# 360 degrees of bends in conduit



## jar546 (Jul 27, 2019)

Looks like they were at their limit.  Comments?


----------



## e hilton (Jul 27, 2019)

Whats code?   Not more than 360?   If so, they are at the limit.


----------



## jar546 (Jul 28, 2019)

e hilton said:


> Whats code?   Not more than 360?   If so, they are at the limit.



Since this is PVC, the code is NEC 352.26.  Each type of conduit has its own section to enforce this.


----------



## chris kennedy (Jul 28, 2019)

3__.26


----------



## TheCommish (Jul 28, 2019)

I got a new tube of wire lube in my truck, I am all set


----------



## e hilton (Jul 28, 2019)

jar546 said:


> Since this is PVC, the code is NEC 352.26.  Each type of conduit has its own section to enforce this.



You didnt answer my question.


----------



## jar546 (Jul 28, 2019)

e hilton said:


> You didnt answer my question.



What was the question that was not answered?


----------



## HForester (Jul 28, 2019)

Well, it's not really 360 degrees. Maybe about 312.4 degrees.....


----------



## Mark K (Jul 28, 2019)

Maybe the real question should be whether the required wires have been installed and whether the conduit protects those wires.


----------



## jar546 (Jul 28, 2019)

Mark K said:


> Maybe the real question should be whether the required wires have been installed and whether the conduit protects those wires.
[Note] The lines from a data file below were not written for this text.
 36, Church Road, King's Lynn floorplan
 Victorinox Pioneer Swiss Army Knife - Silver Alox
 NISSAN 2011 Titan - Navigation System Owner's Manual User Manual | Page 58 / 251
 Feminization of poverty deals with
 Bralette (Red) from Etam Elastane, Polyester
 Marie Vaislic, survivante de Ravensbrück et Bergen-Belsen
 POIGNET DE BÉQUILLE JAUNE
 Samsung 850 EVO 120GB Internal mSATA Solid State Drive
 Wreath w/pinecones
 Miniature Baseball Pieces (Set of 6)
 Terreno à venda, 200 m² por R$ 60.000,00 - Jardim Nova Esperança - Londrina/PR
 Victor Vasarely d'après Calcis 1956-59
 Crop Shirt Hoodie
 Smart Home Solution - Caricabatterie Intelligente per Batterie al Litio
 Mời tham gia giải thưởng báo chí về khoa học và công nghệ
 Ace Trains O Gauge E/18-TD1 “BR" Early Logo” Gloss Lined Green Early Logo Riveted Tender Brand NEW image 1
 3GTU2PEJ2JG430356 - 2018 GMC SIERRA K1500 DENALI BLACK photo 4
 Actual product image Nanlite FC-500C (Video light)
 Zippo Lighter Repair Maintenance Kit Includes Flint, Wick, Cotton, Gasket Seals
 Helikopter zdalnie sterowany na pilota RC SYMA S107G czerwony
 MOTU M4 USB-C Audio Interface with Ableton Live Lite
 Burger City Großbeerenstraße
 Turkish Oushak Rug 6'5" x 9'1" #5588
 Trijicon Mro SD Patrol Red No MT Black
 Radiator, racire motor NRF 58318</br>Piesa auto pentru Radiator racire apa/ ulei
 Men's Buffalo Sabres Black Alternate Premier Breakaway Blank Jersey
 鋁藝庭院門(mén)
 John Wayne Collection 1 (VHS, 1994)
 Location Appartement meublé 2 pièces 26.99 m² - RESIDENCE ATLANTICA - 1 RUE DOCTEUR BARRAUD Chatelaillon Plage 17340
Yes and yes.  That was part of the inspection


----------



## HForester (Jul 29, 2019)

Is the expected rooftop temperature taken into account for derating of the wiring?


----------



## e hilton (Jul 29, 2019)

jar546 said:


> What was the question that was not answered?


My question ... _Whats code? Not more than 360?_
Your response was a code paragraph.  I dont have access to that paragraph.


----------



## Pcinspector1 (Jul 29, 2019)

Agree, their at the limit. Your allowed 4-90° (1/4 bends) between pull points. Lower roof has an LB pull point and I assume the roof has a JB pull point and not another 1/4 bend?

You might be able to gig em for 352.30, conduit support if the conduit is 1-inch size or less?

Most of the solar installs her have been in metal conduit.


----------



## jar546 (Jul 29, 2019)

e hilton said:


> My question ... _Whats code? Not more than 360?_
> Your response was a code paragraph.  I dont have access to that paragraph.



 I did answer 352.26 for PVC.  There is a separate code for each type of conduit and they all line up with 3__.26  I am not sure what else you are looking for.


----------



## fatboy (Jul 29, 2019)

Just trying to get the basis of the section in text, "There shall not not be more than the equivalent of four quarter bends (360 degrees) between pull points (LB)".......I believe this to be compliant, actually, more than compliant. Assuming that the final connection is in a "pull point" or J-Box, the last bend is *NOT *90 degrees.


----------